Tuesday, August 17, 2010

Managing emotions after quiting

Well finally I am at the moment when I will no longer be a part of an organisation. But the challenge has been really to keep the emotions in check. Things that were seemingly easier to get by is now getting tougher and frustrating to tolerate. I guess this is the way the companies get back to you when you quit and decide to take your own route. Why cant farewell's be nice. Well No one is willing to let go of the other. I am amazingly restless so many days I was fighting with the thought of quiting the job now I am fighting with the feeling of having not to express my opinion and how I am feeling. What better way then this to vent it out. All I hope and pray is that no ropes are burnt no relations are lost. We all should be able to get together and have a good laugh at old times is all I wish for. The experience in my current role has been very satisfying meeting Abdul Kalam, Surendar Pal, some well known CEO's awesome feeling and great learning.

Need to learn a little bit of politics and crab fight as well guess without it, its impossible to survive. Yeah not to forget ass licking thats a must...damn how people fall from their graces. This is not what I started working for. Yet everyone told me people appreciate hard, intelligent and smart work.

I know one thing no one is indespensible in an org. But people do play an important role in shaping the way people outside it percieve of it. Org is bigger than an individual or role but a good org ensures that its magnanimity is shown in its attitude and not arrogance.

Thursday, August 5, 2010

A Fresh Start Awaits

I am now in the process of transition so to speak.
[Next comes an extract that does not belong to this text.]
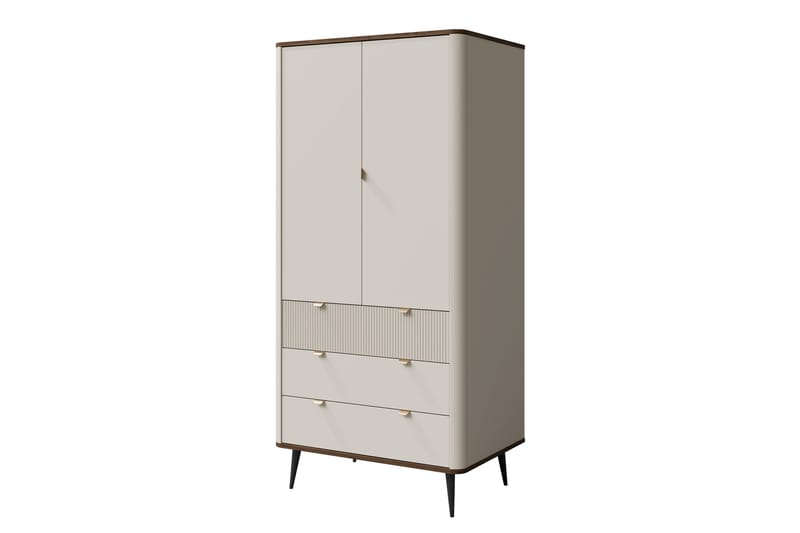 Cucina Garderob 90x191 cm - Beige/Brun - Förvaring - Garderober & garderobssystem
Its a spooky feeling really. Stepping out of my comfort zone I am all set to start a new role in a new company. And hoping that I have made a good decision. I have never fretted as much in the past as I do today. Its amazing how unnerving I have made it sound but its just the fact that there are unknown possibilities yet at the same time I am going through a lot of emotions.

For some reason the apathy of my ex-employers is palpable. Truly no organisation today really worries too much about attrition and so if the employees jump too many times; its I guess okay. When I look back at the reasons why I have decided to quit I am stuck with issues of money, respectful language & transparency. Why companies forget that business is because of all of the above yet you decide to deprive your own employees. There are no straight forward answers to why you join and leave a company. But it certainly is a time for introspection for both parties alike. Bigger companies take it in their stride and have created enough redundancies within the system that they do not feel the pinch. Smaller companies often rely on the big wigs of the company and their decision making rather then empowering employees at all levels. The risk appetite for a smaller organization is understandably very low. This also means that they dont want to be close to its employees but listen to a handful only. Introspection is blinded by those close to the ears and eyes. Is the best person in your team indeed the most trusting. Is his ability or experience coming in the way of an exponential growth. What are then the measures needed to bring in autonomy in middle management yet maintaining the balance required for effective management and stop or control abuse of resources in these roles?

As I complete my duties before joining another one I wish to thank everyone from my bosses to my team and people who have supported us. In particular my COO who has been a person with vision and a strong team player. I feel fortunate to have worked with him though it was very little but I got to learn a lot from him about the rationals behind a decision and how sustainable decisions are taken. A person not averse to risk and shows the way to take risks. Thanks to my team everyone of you have been special and its truly been a privilege to be a part of it.